But away from home, Bangladesh haven't really had a leader of the attack, an issue that has been evident in this World Cup. One reason for that is the pace bowlers haven't really stood up, while the spinners have had to perform a support act in unfavourable conditions, much unlike those at home.
Mustafizur Rahman's form has been inconsistent, and he is more of a death-bowling specialist now. He has all the skills, but hasn't quite cut it as a new-ball bowler. Then too, Bangladesh aren't always quite sure of what their new-ball attack should be. Mehidy Hasan and Shakib Al Hasan have been used when faced with an opener uncomfortable against spin bowling. But it remains unclear as to who among Mashrafe Mortaza, Mohammad Saifuddin, Mustafizur or Rubel Hossain are the best bets with the new ball.

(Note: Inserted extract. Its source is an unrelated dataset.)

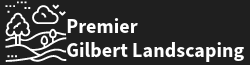 Premier Gilbert Landscaping Logo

In fact Mustafizur and Rubel, and lately Saifuddin, have all been queueing up to bowl in the last ten overs.
That lack of clarity also stems from how Bangladesh bowl in ODIs back home, on slow and low pitches where you can get away with a bad spell with the new ball, because in most cases scoring will get tougher as the ball gets older.
Even Shakib's role isn't clear-cut. He is an attacking option at home, but overseas he becomes a fix-it-all, plugging gaps when bowlers at the other end are under attack. Only Mehidy's role seems clear, though Bangladesh seem determined to bowl him out by the 35th over.
The lack of clarity was shown in how the pacers opted to go against Australia. They tried to keep the ball out of the reach of Aaron Finch and David Warner, even though the batsmen were striking it well when given room, but were finding it difficult to put away length balls on the stumps. In this World Cup, the pacers seem to have focused more on bowling short of a length outside off stump, but that has hardly yielded good dividends - one wicket in 171 balls, while conceding 177 runs.
The spinners haven't had much success as wicket-takers either, but they have done a better job at containment. There is still room for the likes of Shakib and Mehidy, who have a good understanding of the conditions, pitches, and sizes and shapes of the grounds, to be more effective. They can do more to attack batsmen who are new to the crease. They need to find a Plan B, of perhaps forcing batsmen into playing the cut shot - which is their stock option at home.
Overall though, that is a limited issue. Two fingerspinners bowling tightly offer the attack some control, but the bigger issue is how the pace bowlers have been unable to use favourable conditions. Is it due to their lack of experience in foreign conditions, or the fact that they end up spending too much time on the bench or on the boundary line back home?
In the short term, Bangladesh have to figure out how become more attacking with the new ball, at least in their attitude and with their existent resources and skillsets. Early wickets in England can unsettle batsmen in the dressing room. If Bangladesh want to become a top-four team, they can't be satisfied with a group of skillful fingerspinners getting wickets in favourable conditions at home only. They will need to be a smarter, and more confident, bowling unit against the bigger sides, and one able to stand up to pressure instead of buckling to it before it even arrives.